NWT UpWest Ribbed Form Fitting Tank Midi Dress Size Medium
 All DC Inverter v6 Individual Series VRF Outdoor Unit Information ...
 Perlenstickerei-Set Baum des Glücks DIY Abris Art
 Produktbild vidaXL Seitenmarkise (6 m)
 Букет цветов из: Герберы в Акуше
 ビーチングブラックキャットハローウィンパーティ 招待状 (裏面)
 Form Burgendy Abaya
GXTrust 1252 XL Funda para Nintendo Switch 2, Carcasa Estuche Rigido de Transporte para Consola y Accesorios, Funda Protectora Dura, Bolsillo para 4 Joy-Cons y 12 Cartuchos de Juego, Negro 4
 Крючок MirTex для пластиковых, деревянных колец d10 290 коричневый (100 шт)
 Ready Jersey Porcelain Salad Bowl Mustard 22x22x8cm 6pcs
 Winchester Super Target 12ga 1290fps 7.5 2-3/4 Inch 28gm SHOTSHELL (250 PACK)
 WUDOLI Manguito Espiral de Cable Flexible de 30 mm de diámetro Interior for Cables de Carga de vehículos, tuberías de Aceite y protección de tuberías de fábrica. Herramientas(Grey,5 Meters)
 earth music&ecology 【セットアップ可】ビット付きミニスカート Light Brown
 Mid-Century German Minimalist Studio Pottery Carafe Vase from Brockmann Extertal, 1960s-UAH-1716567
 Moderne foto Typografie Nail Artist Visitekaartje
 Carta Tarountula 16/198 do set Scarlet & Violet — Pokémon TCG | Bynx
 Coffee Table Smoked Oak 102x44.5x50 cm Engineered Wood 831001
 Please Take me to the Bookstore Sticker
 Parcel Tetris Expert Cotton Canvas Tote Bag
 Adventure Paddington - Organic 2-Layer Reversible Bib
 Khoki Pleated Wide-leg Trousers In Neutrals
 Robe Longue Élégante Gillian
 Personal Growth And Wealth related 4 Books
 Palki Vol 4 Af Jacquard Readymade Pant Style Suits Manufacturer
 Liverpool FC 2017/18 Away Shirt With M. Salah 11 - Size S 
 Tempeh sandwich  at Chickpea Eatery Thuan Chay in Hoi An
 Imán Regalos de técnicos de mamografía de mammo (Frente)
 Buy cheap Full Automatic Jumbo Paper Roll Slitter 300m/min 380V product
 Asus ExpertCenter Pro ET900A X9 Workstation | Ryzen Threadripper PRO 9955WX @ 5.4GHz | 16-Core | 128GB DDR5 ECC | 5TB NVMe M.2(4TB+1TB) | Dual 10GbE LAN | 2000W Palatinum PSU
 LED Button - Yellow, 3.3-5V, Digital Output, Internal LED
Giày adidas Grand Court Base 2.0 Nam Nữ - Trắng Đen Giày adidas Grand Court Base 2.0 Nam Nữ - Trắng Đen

==================================================

#### [Work instruction]
Starting at the line that contains "Adventure Paddington - Organic", copy each line through the last line of the listing, and copy nothing else.

#### [Answer to this problem]
 Adventure Paddington - Organic 2-Layer Reversible Bib
 Khoki Pleated Wide-leg Trousers In Neutrals
 Robe Longue Élégante Gillian
 Personal Growth And Wealth related 4 Books
 Palki Vol 4 Af Jacquard Readymade Pant Style Suits Manufacturer
 Liverpool FC 2017/18 Away Shirt With M. Salah 11 - Size S 
 Tempeh sandwich  at Chickpea Eatery Thuan Chay in Hoi An
 Imán Regalos de técnicos de mamografía de mammo (Frente)
 Buy cheap Full Automatic Jumbo Paper Roll Slitter 300m/min 380V product
 Asus ExpertCenter Pro ET900A X9 Workstation | Ryzen Threadripper PRO 9955WX @ 5.4GHz | 16-Core | 128GB DDR5 ECC | 5TB NVMe M.2(4TB+1TB) | Dual 10GbE LAN | 2000W Palatinum PSU
 LED Button - Yellow, 3.3-5V, Digital Output, Internal LED
Giày adidas Grand Court Base 2.0 Nam Nữ - Trắng Đen Giày adidas Grand Court Base 2.0 Nam Nữ - Trắng Đen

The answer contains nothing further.